Abordagem Policial

Recentemente, a imprensa noticiou que policiais civis dispararam contra um carro, em plena via pública, porque suspeitaram que o veículo estava sendo conduzido por bandidos. A suspeita dos policiais, segundo o que foi noticiado, se baseou nos seguintes elementos: era um carro importado, com película nos vidros e que se deslocava em alta velocidade. Os policiais em questão estavam à paisana e conduziam um carro sem qualquer identificação da corporação. Resultado da operação: no carro alvejado encontrava-se um advogado e sua esposa, que ao perceberem a aproximação de um veiculo não identificado pensaram que era um assalto e evadiram-se. Os policiais agiram dentro da legalidade ao disparar contra um veículo por simples suspeita? A abordagem policial, como todo ato administrativo, possui os atributos da imperatividade, coercibilidade e autoexecutoriedade, isto é, impõe-se de forma coercitiva, independentemente de concordância do cidadão, e são realizadas de ofício, a partir de circunstâncias determinantes, sem necessidade de intervenção do Poder Judiciário. Mas para que abordagem policial possa se revestir de legalidade, é preciso que haja fundada suspeita, como determina a regra do artigo 244 do CPP, in verbis: . A busca pessoal independerá de mandado, no caso de prisão ou quando houver fundada suspeita de que a pessoa esteja na posse de arma proibida ou de objetos ou papéis que constituam corpo de delito, ou quando a medida for determinada no curso de busca domiciliar. Somente é permitida a abordagem e a busca pessoal diante de uma suspeita fundamentada, palpável, baseada em algo concreto. A suspeita é uma desconfiança ou suposição, algo intuitivo e frágil por natureza, razão pela qual a norma exige a "fundada suspeita", que é mais concreta e segura.
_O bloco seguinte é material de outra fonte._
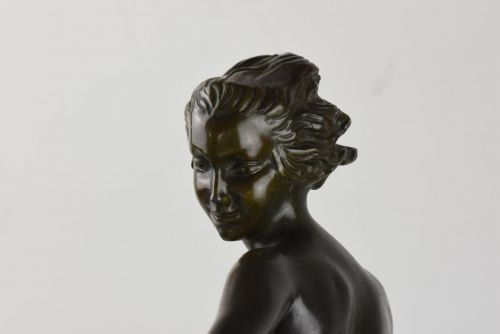 FRENCH ART DECO BRONZE DANCER BY AURORE ONU CYMBAL DANCE - ADDITIONAL PHOTO 4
A “fundada suspeita”, prevista no art. 244 do CPP, não pode fundar-se em parâmetros unicamente subjetivos, exigindo elementos concretos que indiquem a necessidade da abordagem, em face do constrangimento que causa. Evidentemente que não se pode ter por configurada a “fundada suspeita” na alegação de que se tratava de um carro importado, com película nos vidros e conduzido em alta velocidade. Para que houvesse fundada suspeita, deveria haver alguma denúncia ou informação da Central de Polícia de que o carro tinha sido tomado de assalto ou de que tinha sido utilizado em alguma ação delituosa. Não aconteceu nada disso. Se a lei fala que a abordagem policial somente deve ser realizada diante de uma "fundada suspeita", cabe aos policiais agirem de acordo com a norma legal, pois vivemos num Estado Democrático de Direito, onde nossas ações são rigorosamente disciplinadas por regras jurídicas. Certamente que abordagens e operações da policia trazem benefícios para a comunidade, sendo uns dos meios que mais tiram cidadãos infratores das ruas. Sem dúvida. Mas a lei deve ser respeitada. No caso específico, os policiais civis, por simples suspeita, atiraram contra o carro de um cidadão e por muito pouco não provocaram uma tragédia. Agiram de forma totalmente desastrosa, numa ação marcada pela mais escandalosa ilegalidade. Evidentemente que não se pode culpar toda uma corporação pela atitude desastrada de alguns de seus membros. Exige-se, contudo, que os dirigentes dessa mesma corporação sejam implacáveis na apuração e punição rigorosa daqueles que não agirem de acordo com a lei. Mas não é só. É necessário, antes de tudo, que as academias de polícia estejam preparadas para ministrar aos policias uma sólida formação profissional, especialmente no que concerne aos direitos e garantias fundamentais. A cidadania agradece.